I fly to San Francisco and drive to Fort Bragg for a blind date with my northern Californian travelling companion. A spunky 14-year-old with golden blonde hair, my new friend is named Citron. She's an endurance race horse, a palomino mare, half-Arabian and half-Akhal Teke, an obscure but smooth-gaited breed from Turkmenistan. The Arab world has been breeding endurance horses for centuries; in the United States, however, the equine ultra-marathon was introduced in 1955 by Wendell Robie, a Californian businessman who wondered whether horses no longer used for transportation could match the feats of their Old West counterparts. He founded a 100 miles-in-one-day race, now the annual Tevis Cup, on a mountainous 19th-century Pony Express trail between Lake Tahoe and California's former capital, Auburn. Today endurance races consisting of 25- to 100-mile courses over natural landscape take place in Europe, the Middle East and Australia. Not surprisingly, the sport favours pureblood Arabians, desert horses bred for stamina.

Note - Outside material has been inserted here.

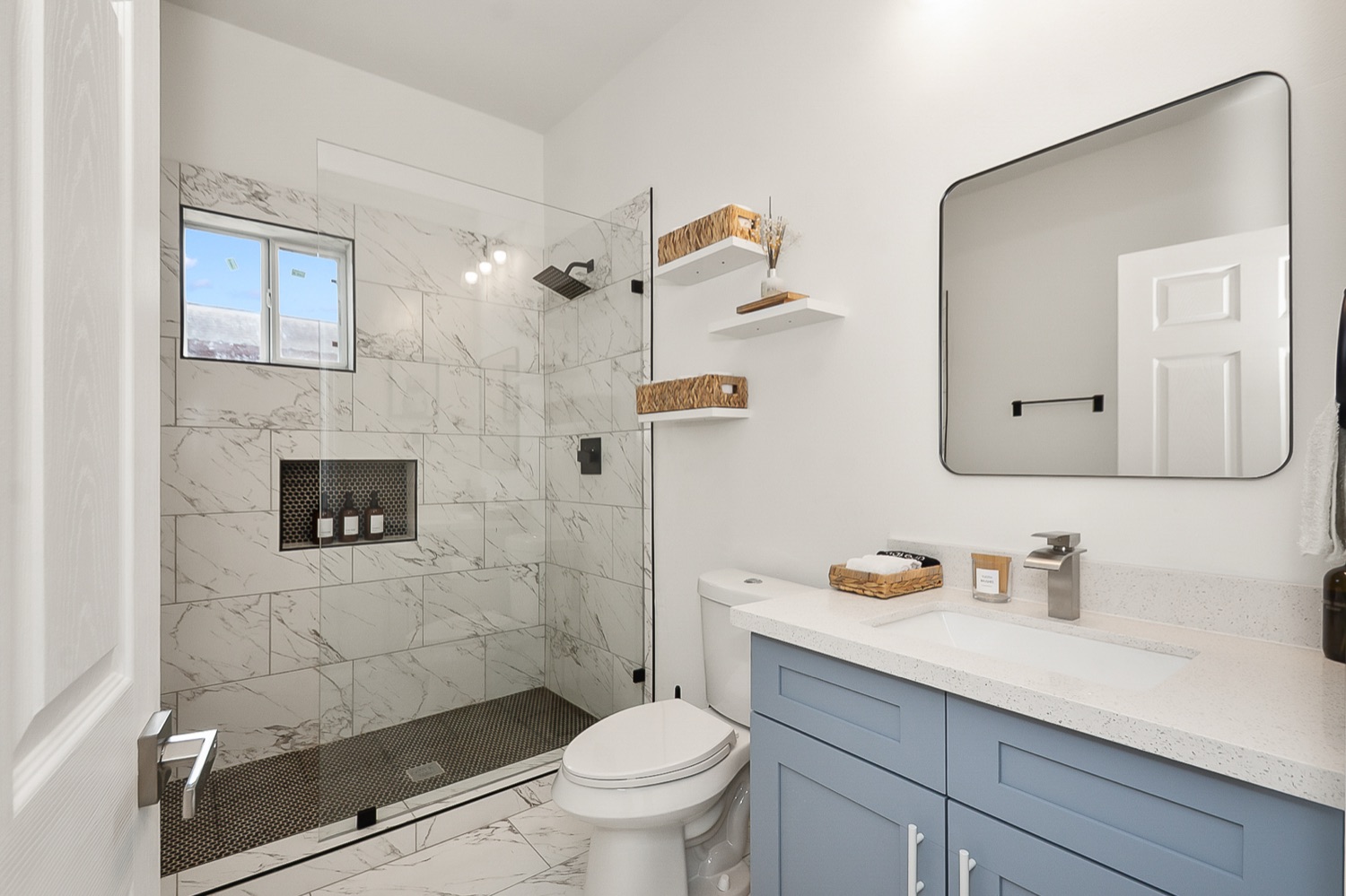 Luxury 3BR Home — photo 37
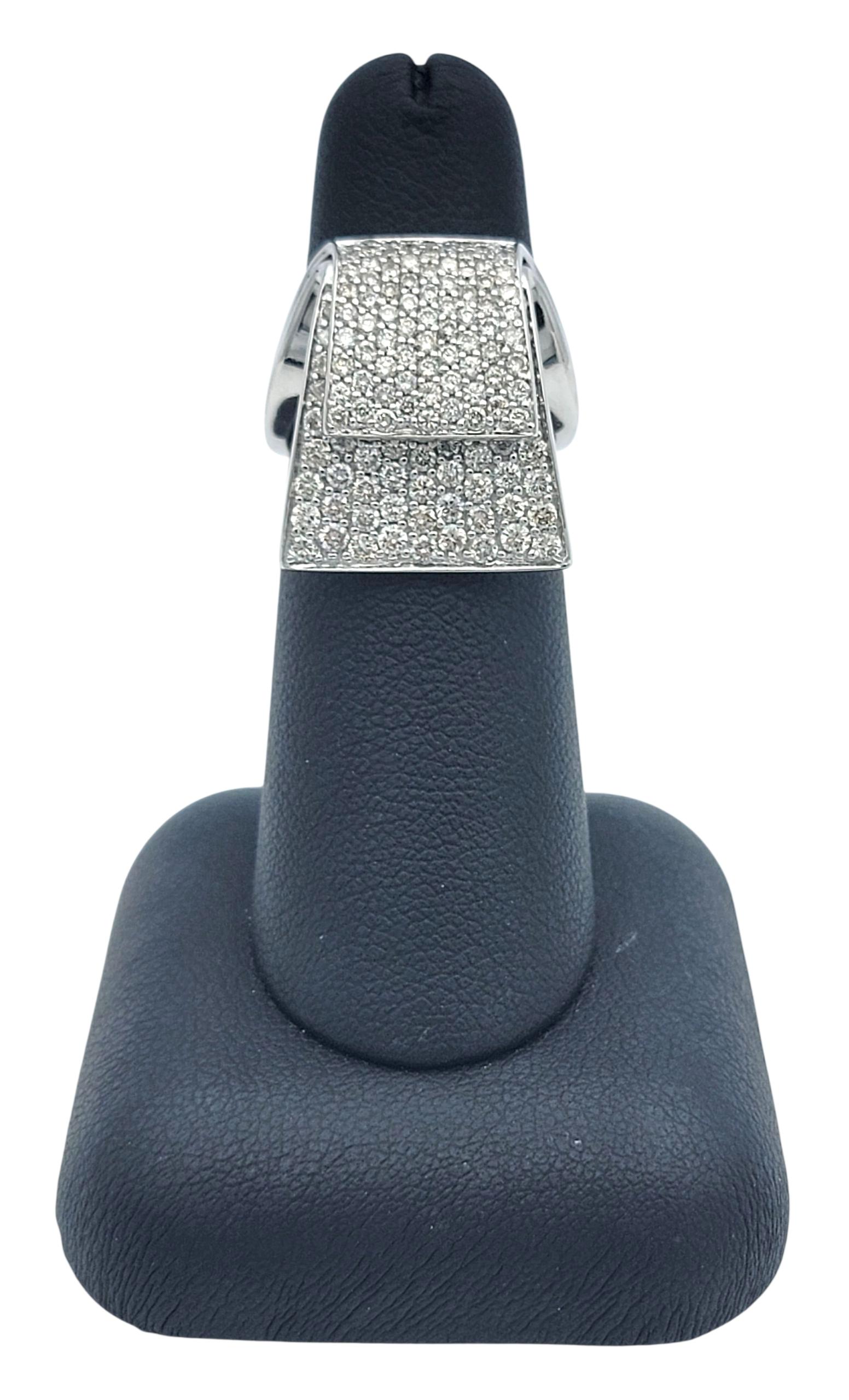 Pavé-Diamant-Cocktailring im überlappenden Design aus poliertem 14 Karat Weißgold im Angebot 3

A casual rider since childhood, I've signed up for a September week of endurance training in Mendocino County, whose terrain includes redwood forests, cattle flats and miles of undeveloped beach. My host is Lari Shea, who won the 1989 Tevis Cup on a pureblood Arabian stallion and has since competed with various crosses, including the offspring of Arabians and Russian Orlovs, a trotting breed introduced to the United States during the Cold War.
At Shea's Ricochet Ridge Ranch, instead of fat trail mounts, guests condition equine athletes. A petite ringer for Sandra Dee who wears flamboyant red and black western shirts, cowboy boots and black riding tights to work, the 60-something Shea can leap on and off a horse like a circus acrobat and has muscles in her fingers from decades of hauling hay bales. A vacation is a vacation, however, and Shea doesn't require guests to groom or tack, nor to dismount and jog for miles alongside their horses, a race tactic to conserve the animal's energy.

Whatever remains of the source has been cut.